What is the State’s relationship to land and its citizens? 

This a key question – and one that remains unanswered. Is the State a landlord? Is it a trustee? Is it a super-landlord? Is it an owner? A super-owner? Is it above the law? 

We cannot defer these questions any longer. 

It was in 2003 that the Supreme Court reintroduced the idea of citizens as ‘subjects’. It said: “So long as the public purpose subsists the exercise of the power by the State to acquire the land of its subjects without regard to the wishes or willingness of the owner or person interested in the land cannot be questioned.” But surely we have moved way beyond the idea of subject-hood. There are citizens in this country, and the State is bound by the law. This needs to be reasserted.

Is the present government’s approach to the land and the environment any different from the previous Congress government? 

Like the Manmohan Singh government before it, the Modi government sees forests, air, water and the protection of tribal interests instrumentally, in the context of its plans for the economy. Where it is a hurdle to the objectives that the government has set for itself, it uses its authority to sideline environmental and tribal interests. While the earlier government sidestepped the law if it came in the way of implementing its projects, the present government seems to be looking at the ordinance route to derive temporary legality, in the confidence that it can find a way to propel the law through Parliament. In the process, the reason why laws were made to safeguard the environment, acknowledge and address situations of mass displacement, and to care for tribal interests, is getting lost.

Take, for example, the Cabinet Committee on Investment that the Manmohan Singh government set up in January 2013. Under the law, the government cannot take over land or make decisions about environmental and forest clearance without following the process that was set in place to ensure that the environment and local populations do not pay too heavy a price when development projects are being implemented. The Forest Rights Act (FRA) of 2006, under which the rights of the forest dwelling and forest-dependent communities were “recognized”, had to be implemented before any project could be happen in those areas. What the Committee did under the UPA was to decide that, for projects worth Rs 1,000 crore or more, there would be no need to worry about laws, whether they had to do with forest rights, or with pollution or with land acquisition. The Modi government now seeks to dilute these laws and to leave the final decision about whether a project should go ahead or not with the government. 

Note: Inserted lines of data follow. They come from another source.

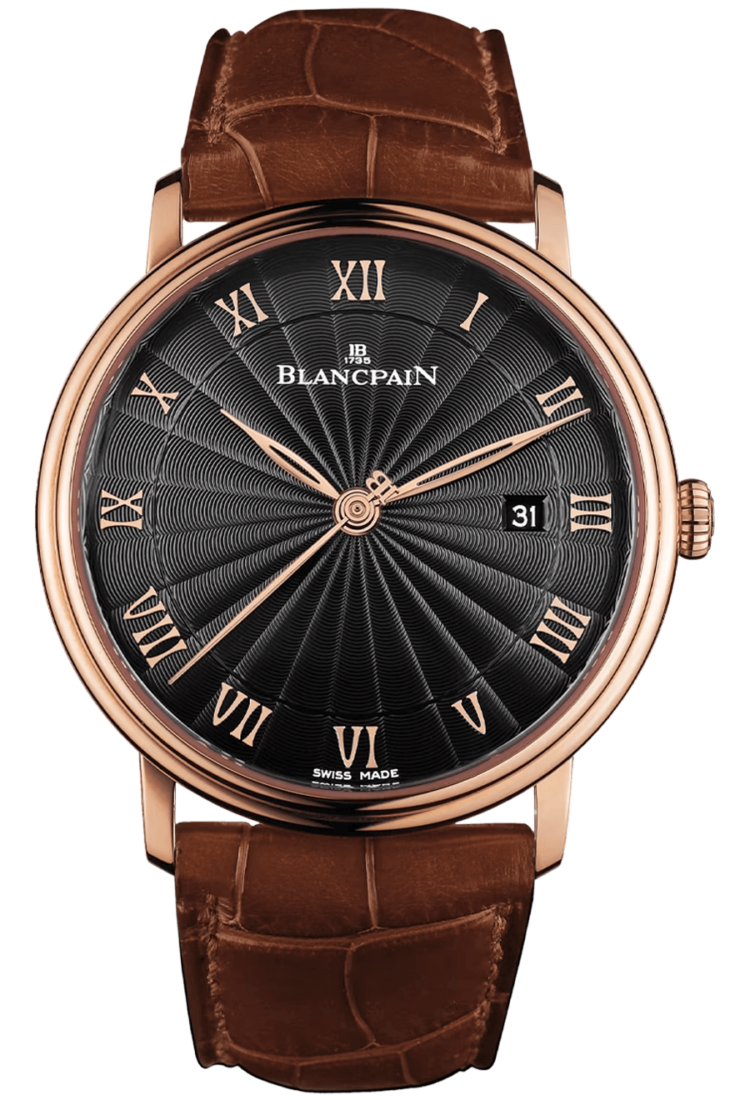 Blancpain 6651 3630 55B Villeret Ultraplate Date 40mm Red Gold Brown Alligator Men's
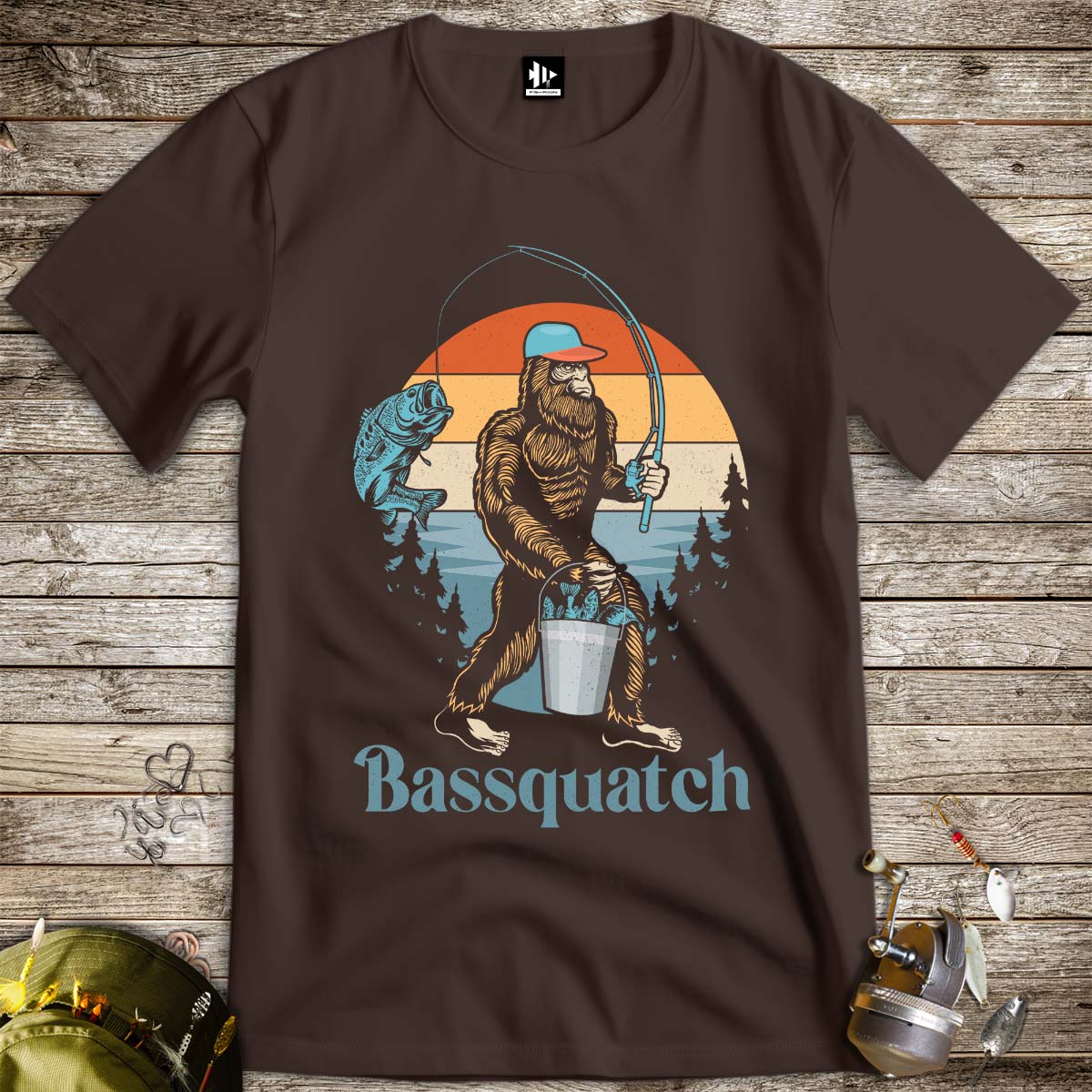 Bassquatch Tee-funny fishing t shirt-FISH-ROOM LLC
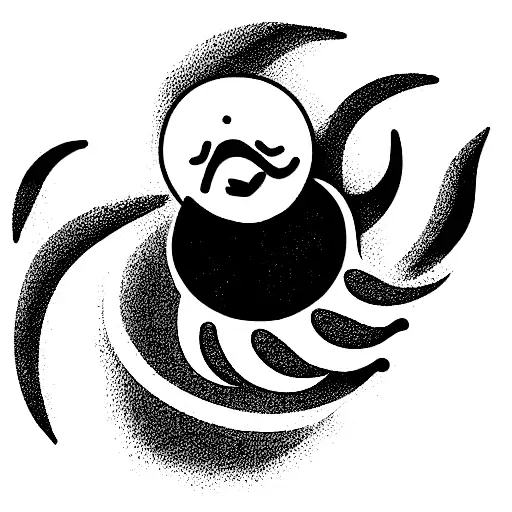 Sun With A Rubber Duck Riding A Wave Turning Into Flowers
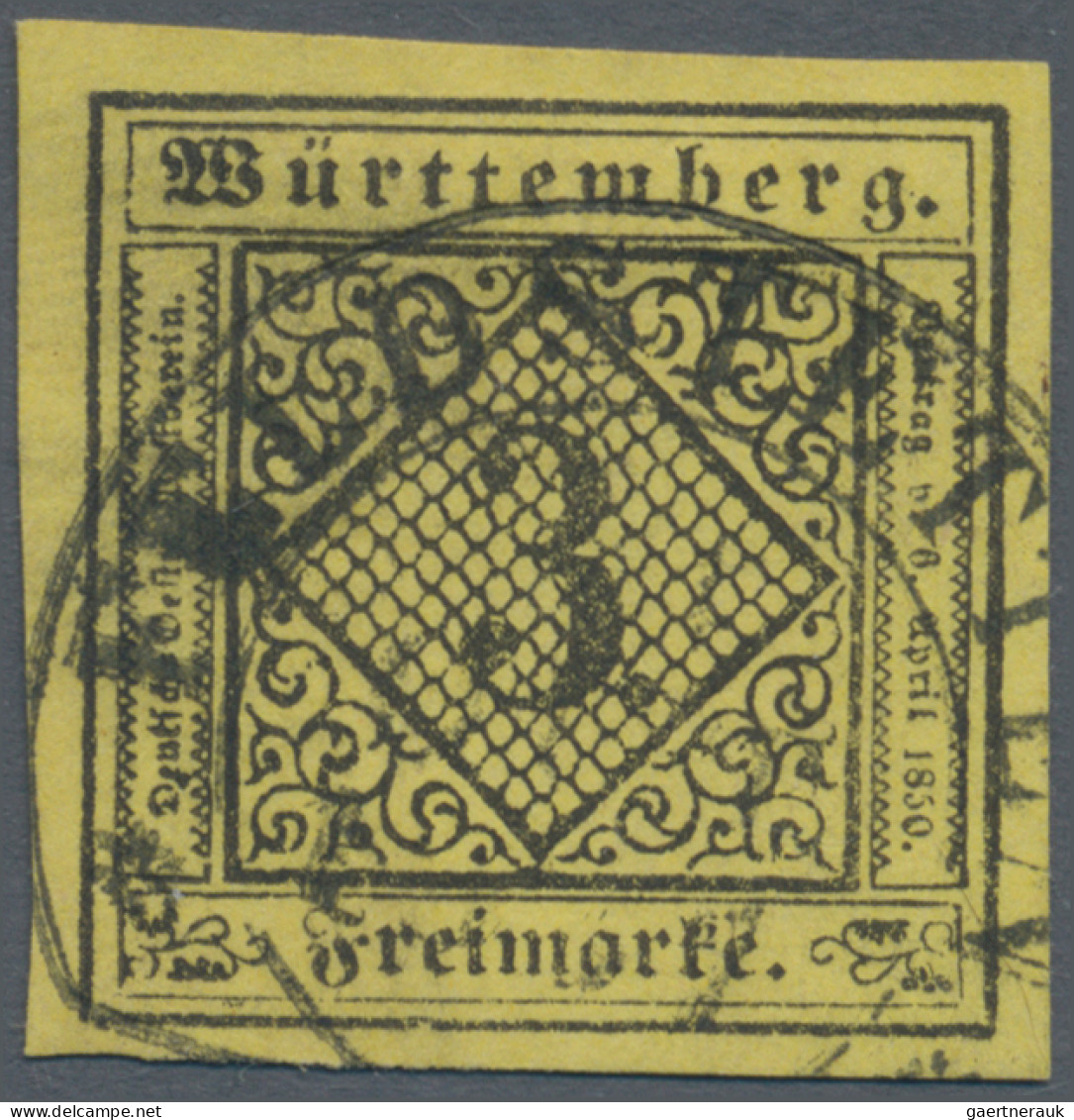 Württemberg - Stempel: FELDSTETTEN, Steigbügelstempel Schwarz Auf 3 Kr., 1 Kr. ( - Sonstige & Ohne Zuordnung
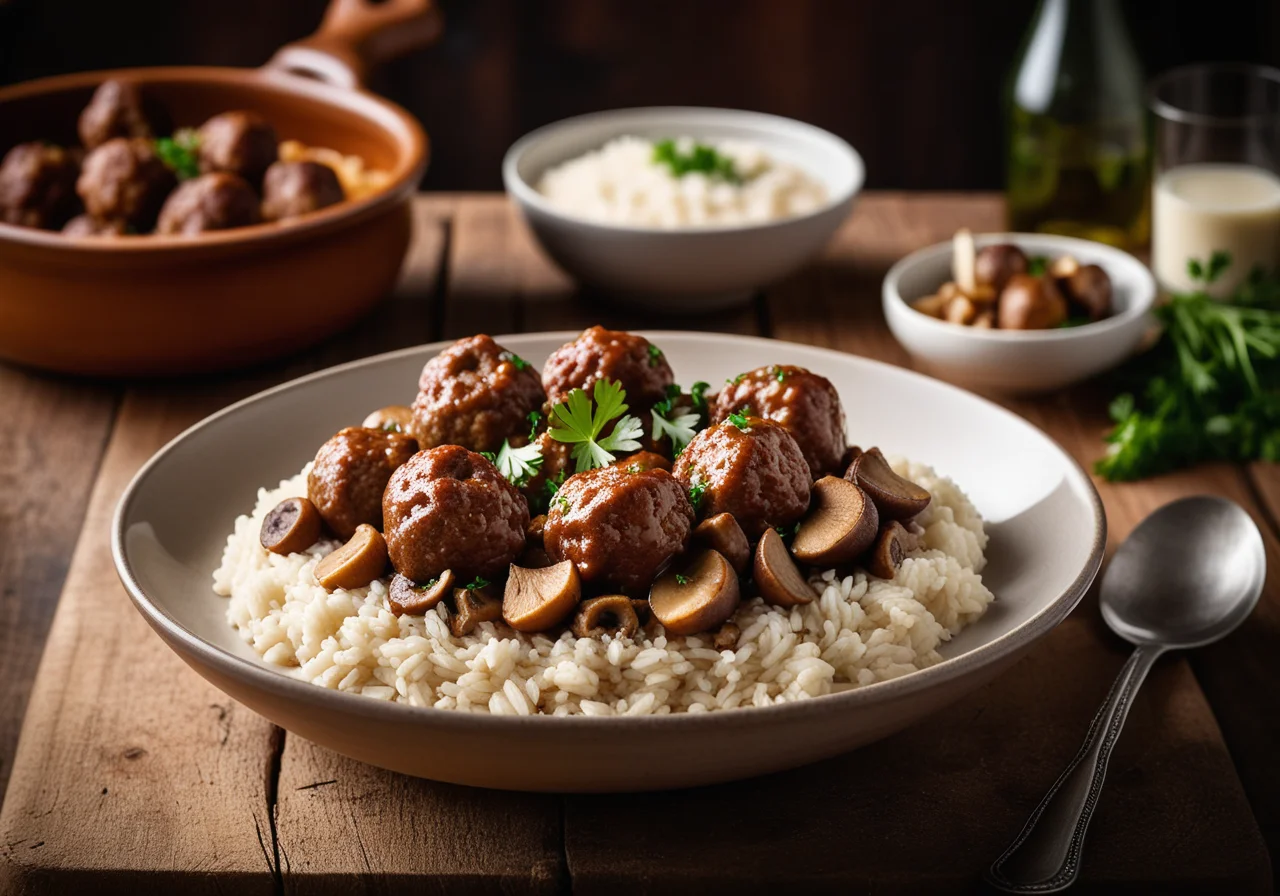 Veal Goulash with Meatballs, Cream Sauce, Mushrooms and Rice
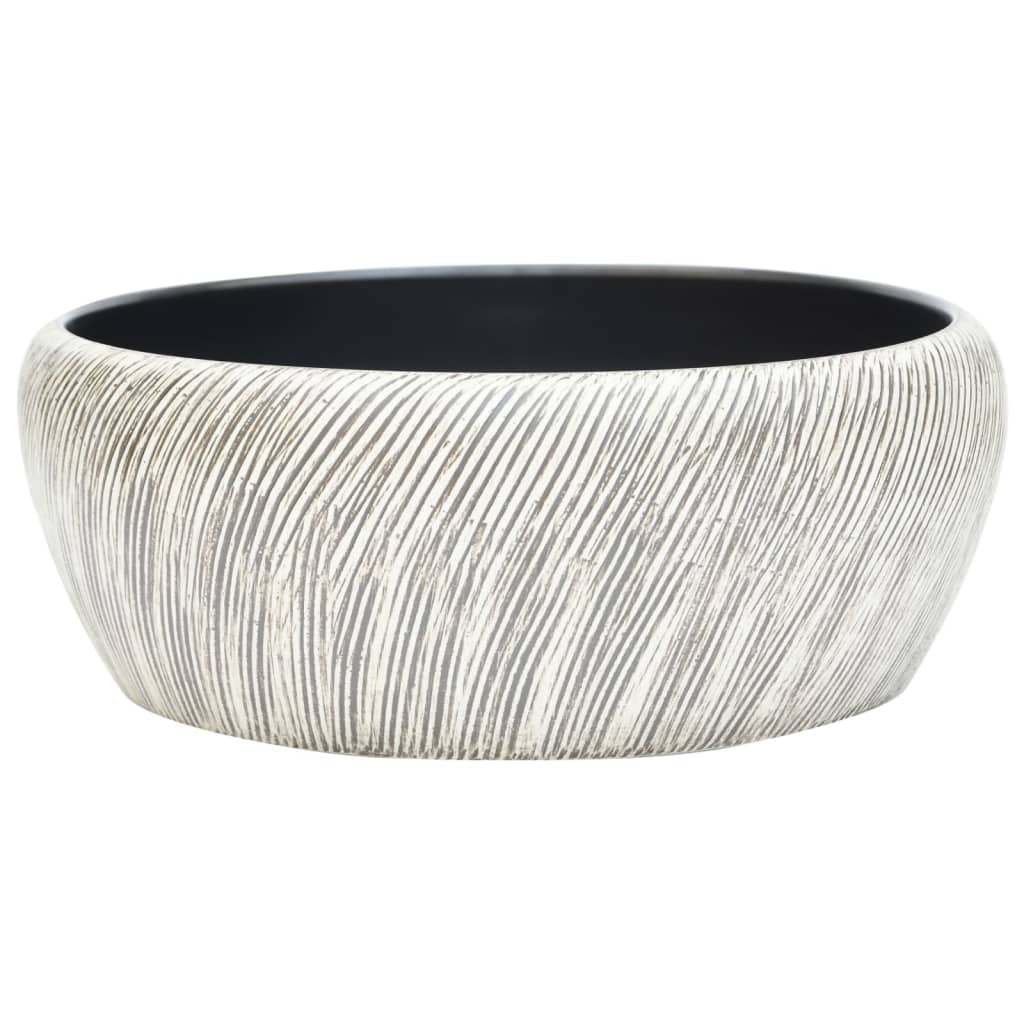 Pesuallas Työtasolle Musta Ja Harmaa Pyöreä Φ41X14Cm Keraaminen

Take another example: when it comes to forests, particularly Fifth Schedule Areas populated by people from the Scheduled Tribes, there are restrictions on land transfer and land alienation, and the State has been given the responsibility of safeguarding the interests of Adivasis and their relationship with the land. As this is seen as standing in the way of a number of projects that were a priority for the Manmohan Singh government, an exception was made to the Forest Rights’ Act and Provisions of the Panchayats (Extension to the Scheduled Areas) Act (PESA),1996, bypassing public hearings and consent when it came to linear projects (roads, canals, highways, broadband, electricity etc). The present government is demonstrably impatient about the idea of consultation with affected communities, and with getting consent from tribal communities when planning on locating a project in their midst.

In May 2014, the Ministry of Environment and Forests was renamed the Ministry of Environment, Forests and Climate Change in May 2014, but there is nothing to indicate what this is supposed to mean. Especially when the Minister for Environment says he will not let environment be an impediment to development.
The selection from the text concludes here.